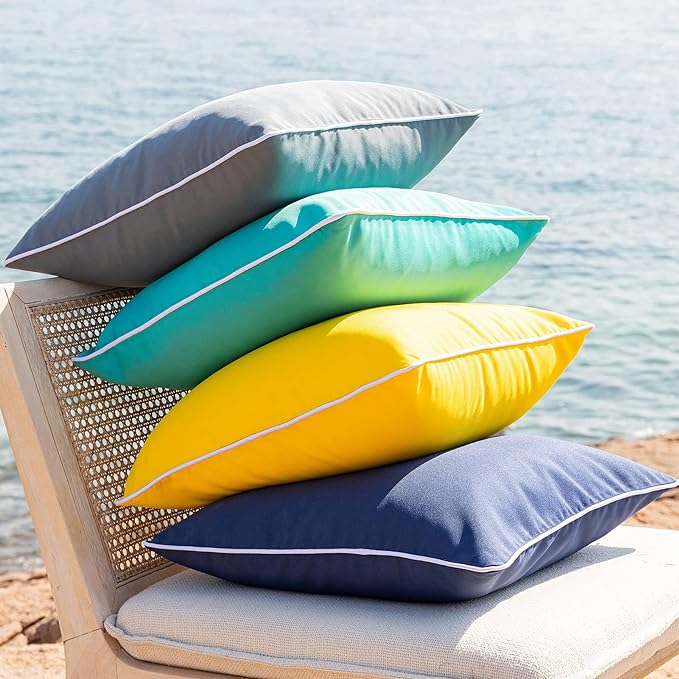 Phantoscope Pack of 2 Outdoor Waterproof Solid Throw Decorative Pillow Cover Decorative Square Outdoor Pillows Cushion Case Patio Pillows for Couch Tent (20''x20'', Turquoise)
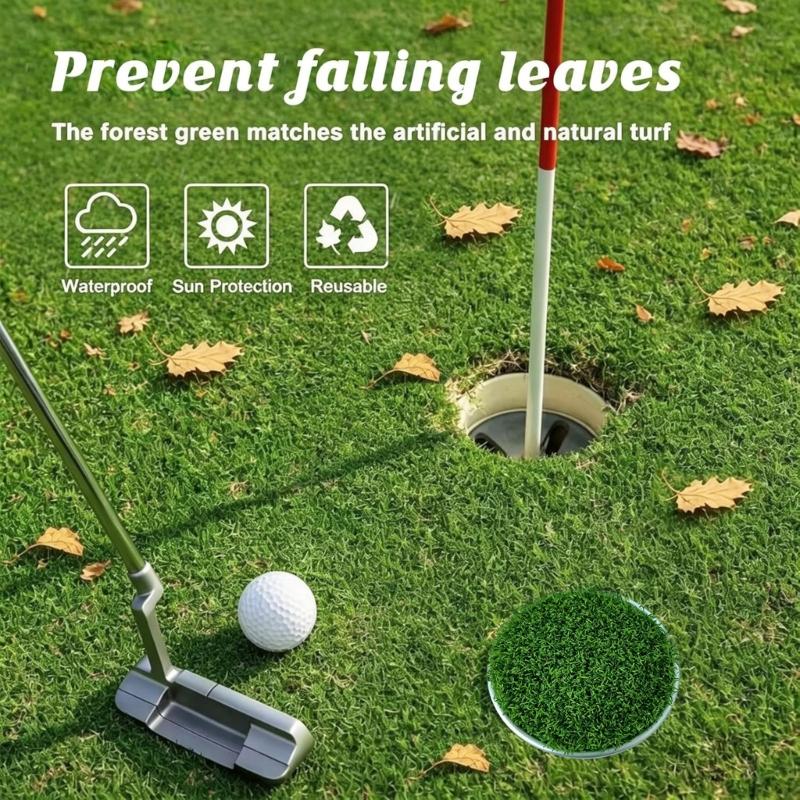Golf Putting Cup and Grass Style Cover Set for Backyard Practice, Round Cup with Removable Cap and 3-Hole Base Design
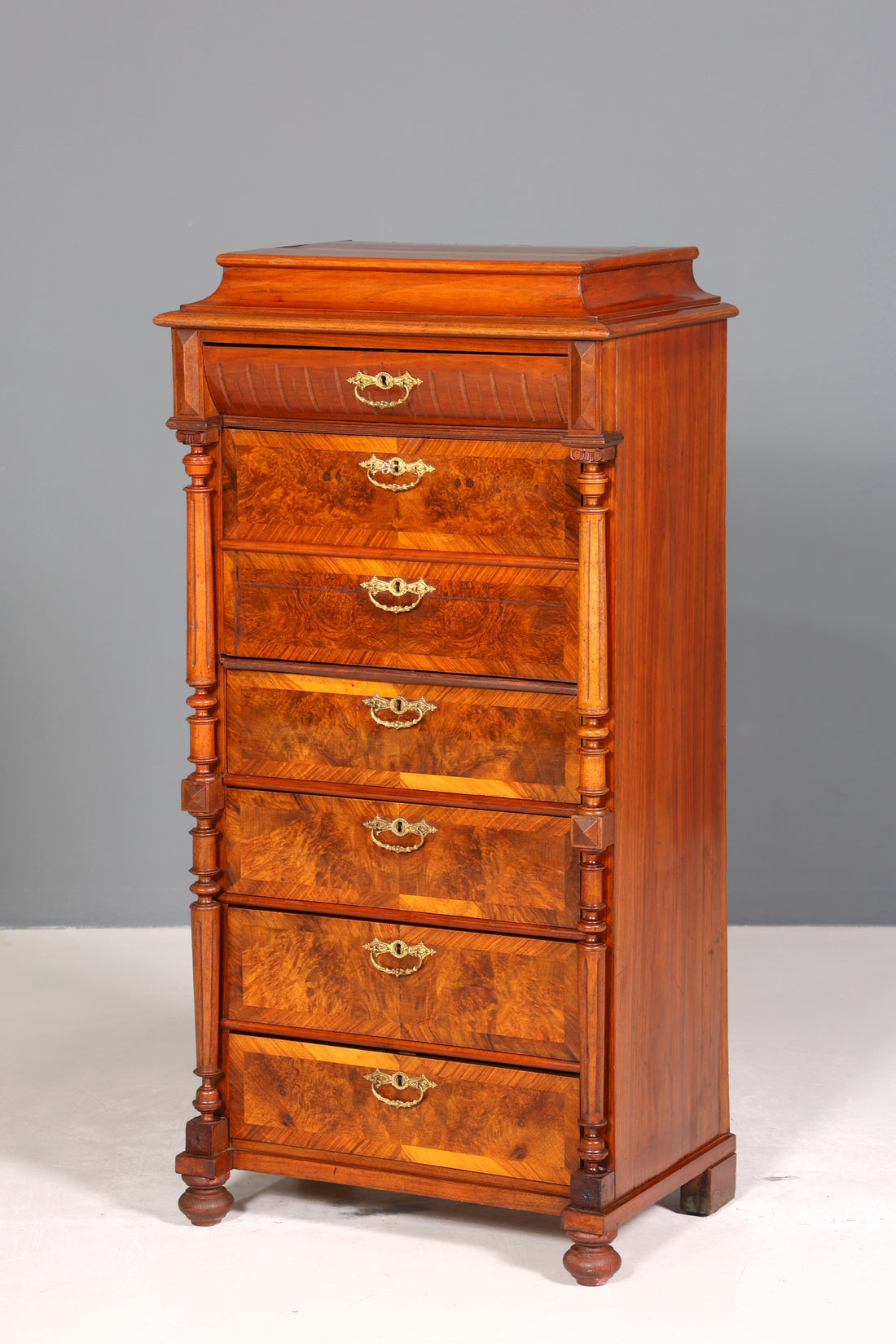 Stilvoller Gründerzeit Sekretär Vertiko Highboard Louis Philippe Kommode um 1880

■ PROBLEM STATEMENT ■
Your reply must match the data above line for line, except that it holds no pictures.

■ ANSWER BOX ■
 Phantoscope Pack of 2 Outdoor Waterproof Solid Throw Decorative Pillow Cover Decorative Square Outdoor Pillows Cushion Case Patio Pillows for Couch Tent (20''x20'', Turquoise)
Golf Putting Cup and Grass Style Cover Set for Backyard Practice, Round Cup with Removable Cap and 3-Hole Base Design
 Stilvoller Gründerzeit Sekretär Vertiko Highboard Louis Philippe Kommode um 1880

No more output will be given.